Metric Target Achieved
RPO <1 second 0 (zero data loss)
RTO (graceful) <2 minutes 8.3 seconds
RTO (forced, with Pacemaker) <2 minutes 23 seconds
ACR reconnection <30 seconds 4-15 seconds
Reporting offload (reads-on-standby) 30% of read traffic 35% achieved
Production impact during setup Zero Zero

Lessons Learned

  1. Dedicated HADR network is essential. Initial testing over the shared production network showed variable latency (0.3-5 ms). The dedicated VLAN provides consistent 0.3 ms latency.

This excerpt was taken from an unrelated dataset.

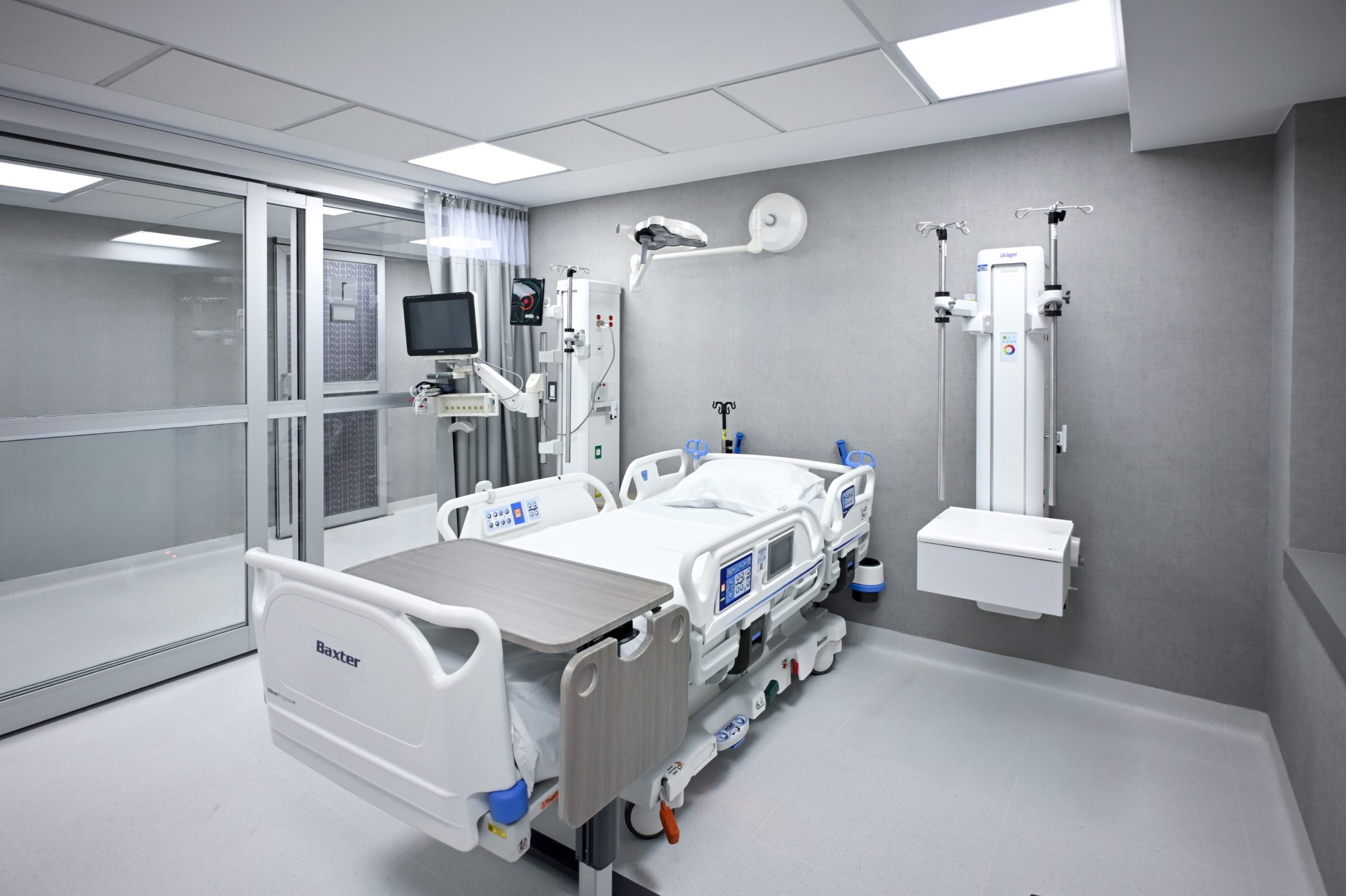 Cama de Unidad de Terapia Intensiva de Hospital Angeles México equipada con columna de suministro Dräger Gemina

  2. Test ACR with real application code, not just db2 CLP. Two application modules had hardcoded connection strings that bypassed the db2dsdriver.cfg. These were discovered during the takeover test.

  3. LOGINDEXBUILD ON is non-negotiable. Without it, indexes on the standby may be marked invalid after a REORG INDEX operation on the primary. Marcus discovered this during a REORG maintenance window when the standby's indexes required rebuilding.

  4. Pacemaker quorum configuration matters. Initial setup without a quorum device led to a split-brain scenario during network testing. Adding a quorum device on a third server resolved this.

  5. Monitor HADR continuously, not just during tests. Marcus implemented Prometheus-based monitoring that polls MON_GET_HADR() every 10 seconds and alerts if the log gap exceeds 100 MB or the state leaves PEER for more than 30 seconds.

Discussion Questions

  1. Why did Marcus choose NEARSYNC instead of SYNC mode? Under what circumstances would SYNC be the better choice?
  2. If Meridian later wants to add a DR standby at a remote site (400 km away), what changes to the HADR configuration are needed?
  3. The forced takeover RTO was 23 seconds, with 12 seconds consumed by Pacemaker failure detection. How could this be reduced?
  4. What is the risk of using reads-on-standby for the regulatory compliance report that runs for 2 hours? How might it impact HADR performance?